Hear, O Israel: The LORD is our God, the LORD alone. You shall love the LORD your God with all your heart, and with all your soul, and with all your might. Keep these words that I am commanding you today in your heart. Recite them to your children and talk about them when you are at home and when you are away, when you lie down and when you rise. Bind them as a sign on your hand, fix them as an emblem on your forehead, and write them on the doorposts of your house and on your gates. – Deuteronomy 6:4-9 (NRSV)
At the center of God’s law is love. It is the great motivator for those who desire holiness before God and wholeness before the mirror. When we commit ourselves to loving God wholeheartedly, our obedience is fruit on the vine. The Shemah (the passage above) is a critical turning point in the lives of the Israelites. They are being reoriented from duty and obligation to love and gratitude. God is leading them into a different relationship than they had been accustomed to. Years of slavery had taught them to obey out of fear – fear of punishment, fear of death. The only fear love provides is the fear of disappointing the object of our love.
It is easy to teach our children to obey out of fear. We can change the fortunes of their life effectively by cutting off resources or diminishing the size of their world. At some point we need to move them from this fretful compliance to an obedience rooted in love. Over time our children should be more afraid of disappointing us than any punishment we might levy against a transgression. This calls parents to an authority over their children that is rooted in love.
That is the catch. Our obedience to God is rooted in love because He first loved us.

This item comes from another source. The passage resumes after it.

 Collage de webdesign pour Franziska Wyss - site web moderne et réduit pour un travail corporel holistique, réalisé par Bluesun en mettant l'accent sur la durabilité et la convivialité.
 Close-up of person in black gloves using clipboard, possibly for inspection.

We cannot lead our children into loving obedience if we do not love first in our authority over them. Anger, frustration and selfishness can undermine that authority very quickly and our children will either obey us out of fear or rebel out of their own anger, frustration and selfishness. Handling the authority God has given to us over our children with love is not a magic pill, however. God’s people still disobeyed after God had blessed them with His love, but God remained unchanged.

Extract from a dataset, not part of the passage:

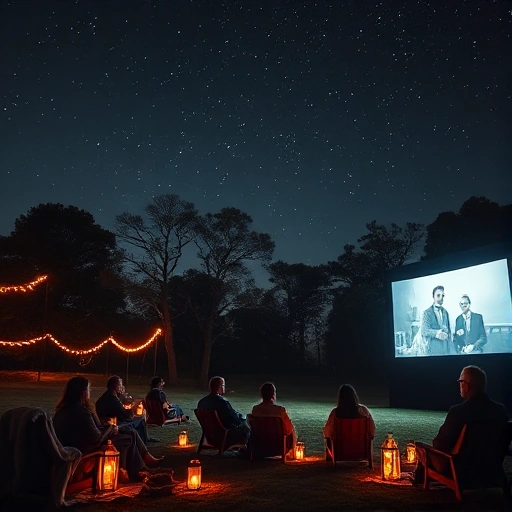An outdoor cinema screening under a starry night sky, with a large white screen showing a classic film, surrounded by cozy blankets, low wooden chairs, and small lanterns casting warm light. A few people are seated quietly, some with popcorn in hand, enjoying the movie. Trees silhouette against the dark sky, and fireflies glow gently in the air. The atmosphere is peaceful, nostalgic, and intimate.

A belief in the constancy of God’s love needs to begin with the growing presence of that love in us for our children. An obedient heart submitted to the will of God is nurtured in the presence of love and discipline. May we as parents move our children toward wholehearted love and genuine obedience.
Lord, help me to live a life of love and obedience in the presence of my children. Grow in me the humility and maturity to love my children as you love me. Lead me constantly forward into Your amazing, relentless love. Amen.